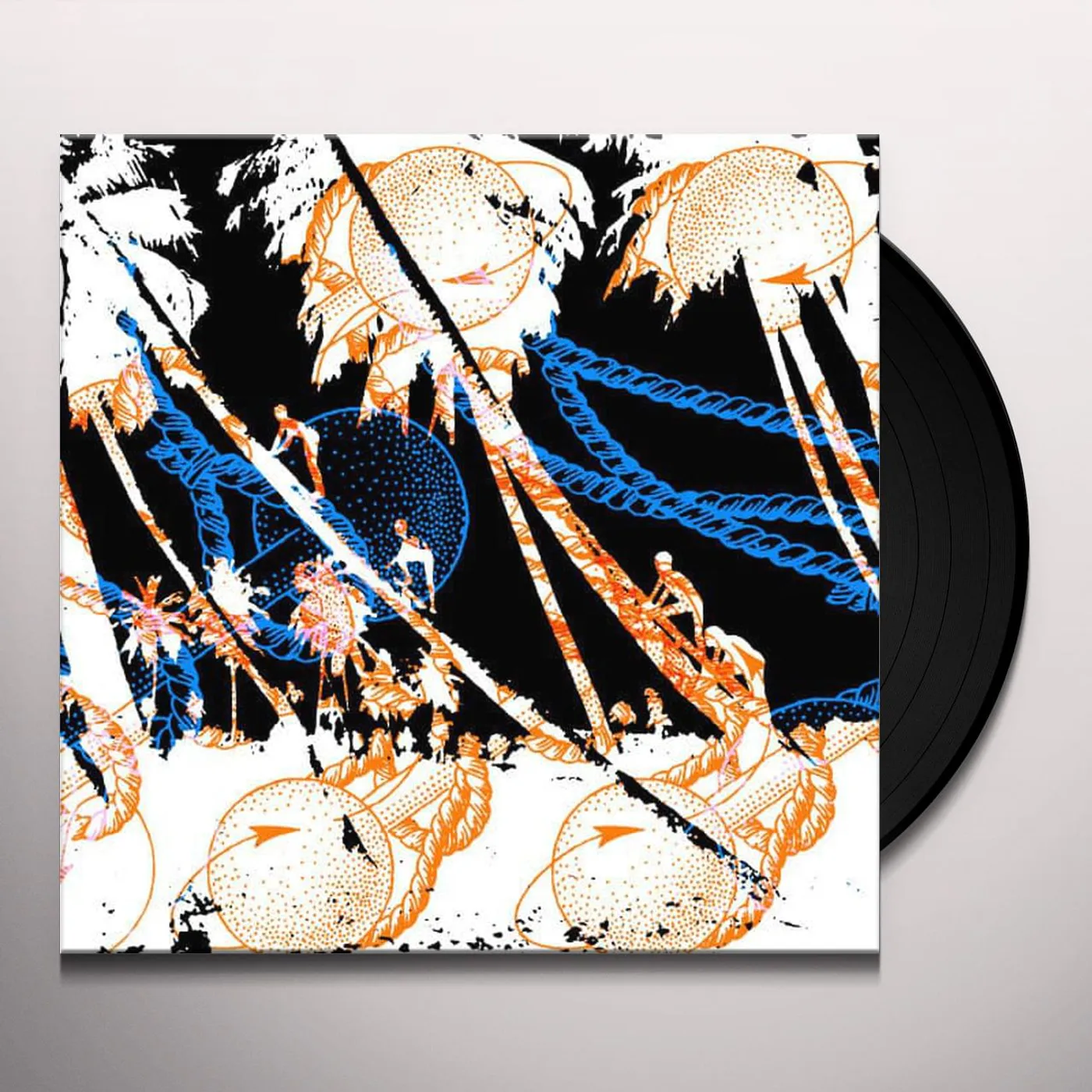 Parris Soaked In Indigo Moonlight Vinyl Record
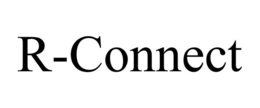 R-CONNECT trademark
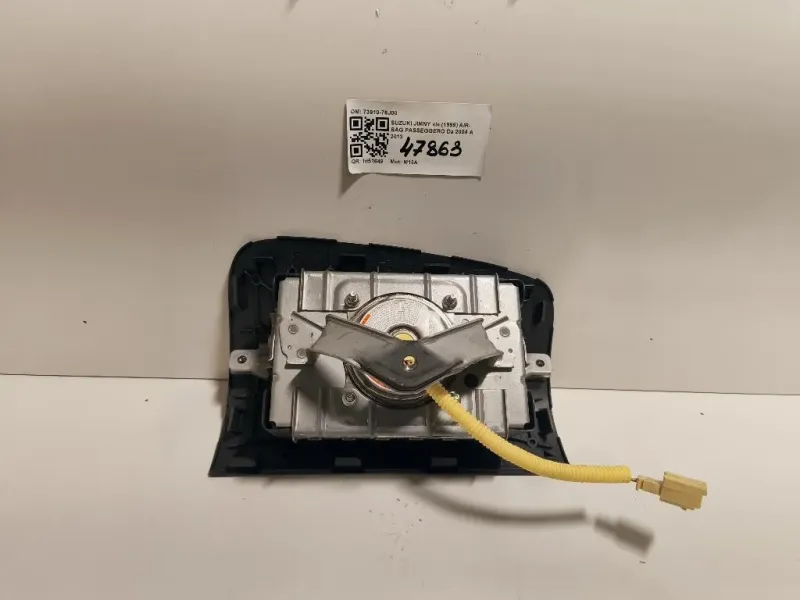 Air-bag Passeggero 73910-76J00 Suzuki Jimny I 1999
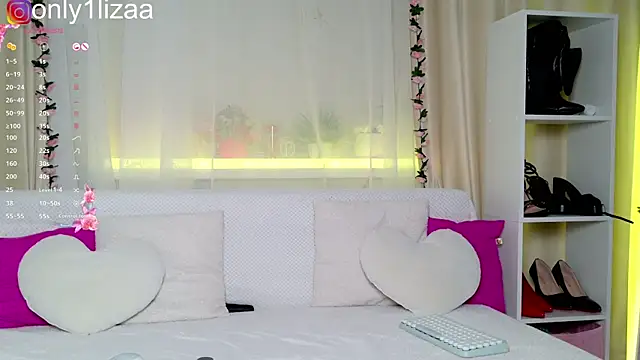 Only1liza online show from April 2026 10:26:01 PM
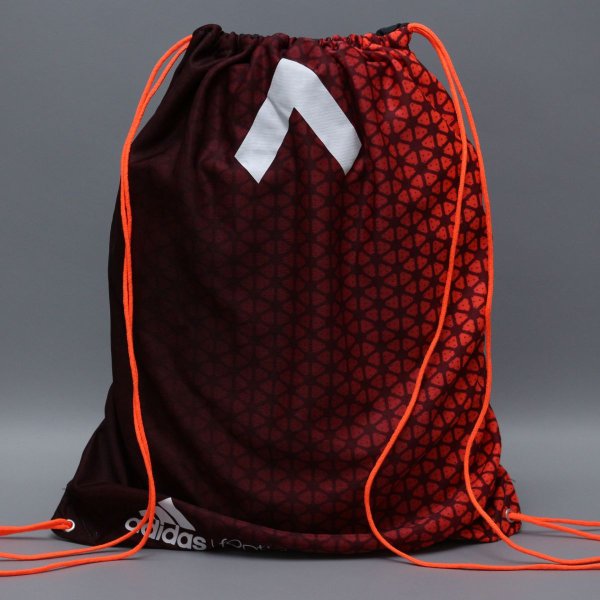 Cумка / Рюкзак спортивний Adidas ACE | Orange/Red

= = = = = = =

**Task requirements:**
What's needed is a word-for-word retyping of the listing, minus its pictures.

**Response area:**
 Parris Soaked In Indigo Moonlight Vinyl Record
 R-CONNECT trademark
 Air-bag Passeggero 73910-76J00 Suzuki Jimny I 1999
 Only1liza online show from April 2026 10:26:01 PM
 Cумка / Рюкзак спортивний Adidas ACE | Orange/Red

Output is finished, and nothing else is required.